Dear Cassie
Official Stuff –
Author – Lisa Burstein
Pages – 352
Publisher – Entangled Publishing
Series – Pretty Amy
Summary –
What if the last place you should fall in love is the first place that you do?
You’d think getting sent to Turning Pines Wilderness Camp for a month-long rehabilitation “retreat” and being forced to re-live it in this journal would be the worst thing that’s ever happened to me.
You’d be wrong.
There’s the reason I was sent to Turning Pines in the first place: I got arrested. On prom night. With my two best friends, who I haven’t talked to since and probably never will again. And then there’s the real reason I was sent here. The thing I can’t talk about with the guy I can’t even think about.
What if the moment you’ve closed yourself off is the moment you start to break open?
But there’s this guy here. Ben. And the more I swear he won’t—he can’t—the deeper under my skin he’s getting. After the thing that happened, I promised I’d never fall for another boy’s lies.
And yet I can’t help but wonder…what if?
My Rating – 2 Stars
*I received a digital copy of this novel from Netgalley on behalf of Entangled Publishing*
Cassie is one of the friends that Amy turned in after being arrested on prom night for a very serious amount of pot (If you are confused by that sentence, read my review for Pretty Amy). Her sentence included a 30 day stay at a rehab/wilderness camp.
On her way to the camp, she meets Ben, who is also off to the same camp. He’ cute, he’s funny, he’s interested in Cassie (after 5 whole minutes!). But Cassie can’t be with him because he’s a boy and boys do nothing but hurt you and screw you over.
Once at the camp, she learns that people are only referred to by their last names, and she has to bunk with two other girls; Nez and Troyer. The girls are required to use a hole in the ground for a toilet, not talk, and write their feelings out in a diary. Of course there is some standard sneaking out to meet with Ben and the boys from the camp.

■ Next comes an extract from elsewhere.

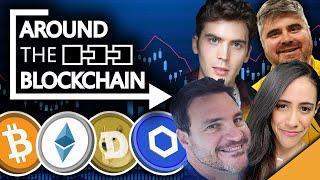 Chainlink Pump to $100 (Top Crypto Experts Discuss)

Cassie blames herself a lot and feels that she deserves to be there, but not for the prom night arrest. For something else much bigger (she claims that’s the real reason for her being at camp but that makes no sense to me because no one knows about it but her and her brother). She needs to learn to forgive herself and move on.
I did not like this book. The only plot is Cassie learning to forgive herself but that doesn’t even really happen. There is no character development. Cassie does not grow; she stays the same through the whole camp experience. She’s an angry teenager that made a bad decision and now has to live with the decision she made and is all sulky about it. Granted, it was a hard decision and one that can take an emotional toll on a person but to me it just came out bratty. There is also no real depth to Cassie. She’s an angry, violent teenager because her mother is an alcoholic and her father is in the Army and never home. That seems too easy to me. I need more; did her mom neglect her? Did she beat her? Cassie tells stories about all the great things she did with her brother; like horseback riding and going out on a boat, and playing basketball. I feel like the two things don’t connect.

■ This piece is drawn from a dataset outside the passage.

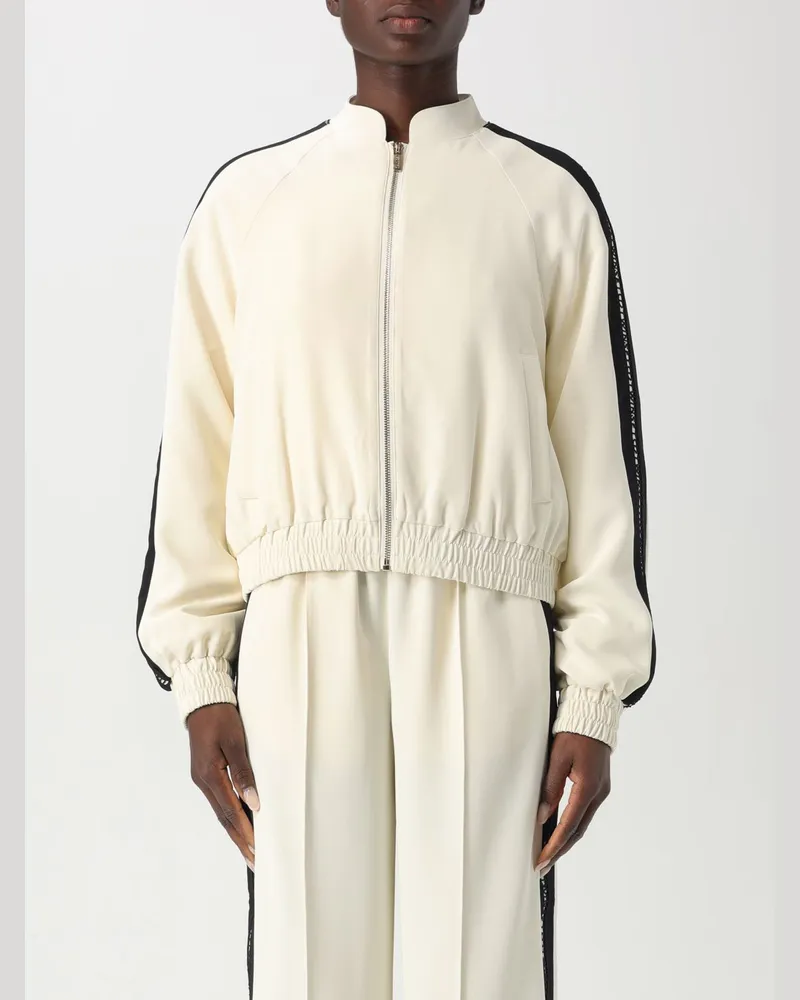 Twin-Set Blazer damen Ice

Another reason I didn’t really like this book is that I felt the wilderness camp did things that bordered on illegal if it were real life. These kids are all minors; I highly doubt it’s legal to throw a minor into “solitaire” out in the middle of the woods with only a few weeks “training” (Maybe it is legal but that kinda sounds like it borders in child abuse). And they took away Cassie’s earrings because they could be used as weapons but they gave her a hunting knife and let all the campers practice archery. Also, they let Cassie fly by herself to the camp, across country. I also doubt the courts are going to allow someone to get themselves to court ordered rehab, especially when the other girl that was arrested with them ran off. These kind of things took me out of the story.
The relationship with Ben is strange because she only sees him for short periods of time over their month of camp and she’s still supposedly reeling over her previous relationship but she’s fighting these feelings for Ben but she knows next to nothing about him.
The one good message about that came from this book is that you need to learn to forgive yourself. But other than that I do not recommend this book, unless you are a big fan of Pretty Amy.